Harry’s voice trailed off weakly. So this is what six years of sexual tension looks like when it hits the fan, he thought, sighing.

“Coming up for air any time soon?” he said a little too loudly, which once again caused Hermione to break off in mid-smack.

“No, no, no,” Hermione gasped, adjusting her robes. “We’re fine. We’ll…” she cleared her throat. “Yes, we’ll come back with you, of course!” Her arm flailed behind her as she smacked Ron’s traveling hand. “Won’t we, Ron?”

“Oh, yeah, yeah,” Ron said quickly, although Harry wasn’t sure Ron even knew what he was responding to, as he continued to stare at Hermione’s face. “We’ll do the… the thing...”

“Yes, of course, the… the thing…” Hermione’s brow furrowed in confusion at Ron's random comment. She turned back to Harry, smiling encouragingly, but the grin quickly fell from her face as she looked past him.

“Actually!” she chirped. “I think we will take you up on that offer, Harry!”

“We will?” said Ron, his face buried in Hermione’s neck, as Harry turned around to look toward the front door. “Thank God, I was just being polite…”

Harry’s phoenix core wand fell numbly from his fingers as he saw the small figure silhouetted in the main entrance of Hogwarts. His heart was racing, and his breath stopped as Ginny Weasley slowly walked down the steps. Twenty feet away, Harry thought absently.

“So!” Hermione said loudly behind him, grabbing Ron’s arm. “We’ll just… be going… away…”

“Wha?” Ron mumbled, looking up for the first time and seeing his sister as Hermione dragged him toward Hagrid’s hut.

Harry and Ginny stared at each other from across the cobblestone walkway. She stood on the first step, pushing her height up to match Harry’s. Twenty feet, Harry thought quickly. It feels like nothing, and it feels like everything.
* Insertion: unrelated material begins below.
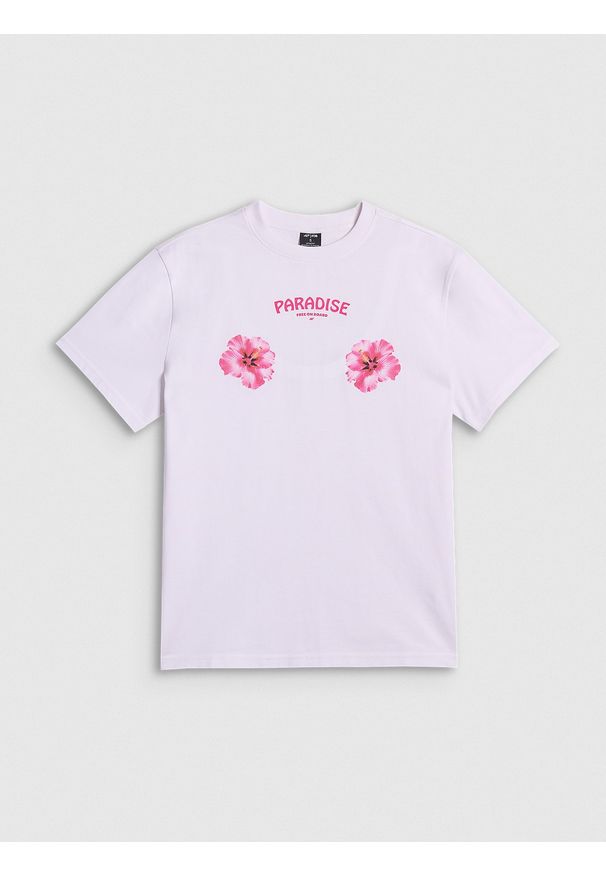 4f - 4F T-shirt loose z nadrukiem damski - biały S. Okazja: na co dzień, na plażę. Kolor: biały. Materiał: materiał, bawełna, dzianina. Wzór: nadruk. Sezon: lato. Styl: sportowy, klasyczny, wakacyjny, casual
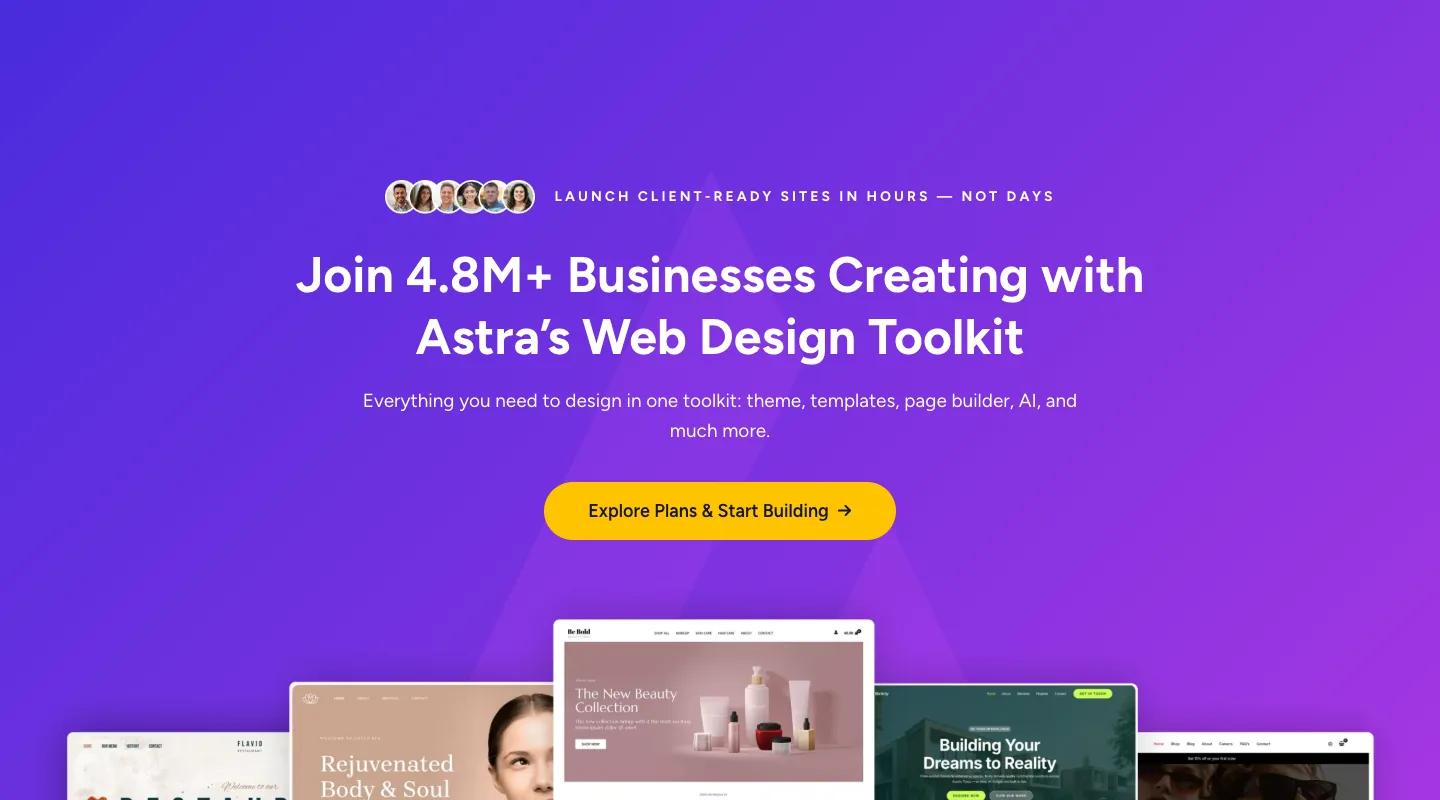Astra WordPress theme homepage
The silence rolled between them for what felt like hours, until Ginny finally said,

“Hi.”

“Hi,” Harry breathed. His tongue felt dry in his mouth. Oh, God, she’s beautiful.

“So,” Ginny said, trying to break the ice, but her smile barely cracked her face. “They finally got together, huh?”

“Yeah,” Harry said, his eyes never leaving hers. “About time, too.”

“Yeah,” Ginny said. She paused, took a deep, shuddering breath. “I saw them leave the table, and you were gone.”

“I know.”

“I thought you three had left again,” she continued, her voice wavering slightly. “Thought you had gone off on another secret mission.”

“Not secret,” Harry said quietly. “No more secrets. We’re not going anywhere. The mission’s over.”

Ginny’s hands clutched in front of her waist.   “I never got to say goodbye before you left the wedding…”

“I know,” said Harry, his heart stopping. “I would have sent a Patronus… but…”

Ginny looked down at her hands. Harry dared to take a step forward.

“You must be furious with me,” he said.

Ginny nodded, her eyes still cast downward. “I must be,” she whispered. “I kept telling myself that all year. I must be depressed after you broke up with me. I must be angry after you disappeared from the wedding, me not knowing where you had gone. I must be furious that you didn’t come to help us when the Death Eaters took over the school. I must be, I have to be, because I didn’t know if you were going to ever come back. And it would be easier to get you out of me if I hated you.”

Harry’s heart froze at the words.

“I kept telling myself that,” she continued. “But I kissed you on your birthday. And I saw you, even behind the Polyjuice Potion, at the wedding. And I saw you when I stepped into the Room of Requirement tonight. And I saw you dead…”

“Ginny…”

“And I knew that I could never feel that way about you,” said Ginny, looking up at last, those amazing brown eyes filled with tears. “I could never hate you. I love you too much…”

Harry opened his mouth to reply, but words never came out. His feet were too busy running towards her; his eyes were too busy watching her red hair fly back as she leapt down the steps and his arms were too busy wrapping themselves around her.

Their lips met, and it was more than he had ever imagined during those long nights in the musty tent, more than he ever dreamed would happen again as he sat beneath the stars outside Godric’s Hollow, the moonlight letting him watch Ginny’s dot on the Marauder’s Map. It was a kiss that sent sparks through him, made his heart blaze in his chest, and their time spent in her bedroom last summer seemed like a shadow, a breeze, compared to this moment.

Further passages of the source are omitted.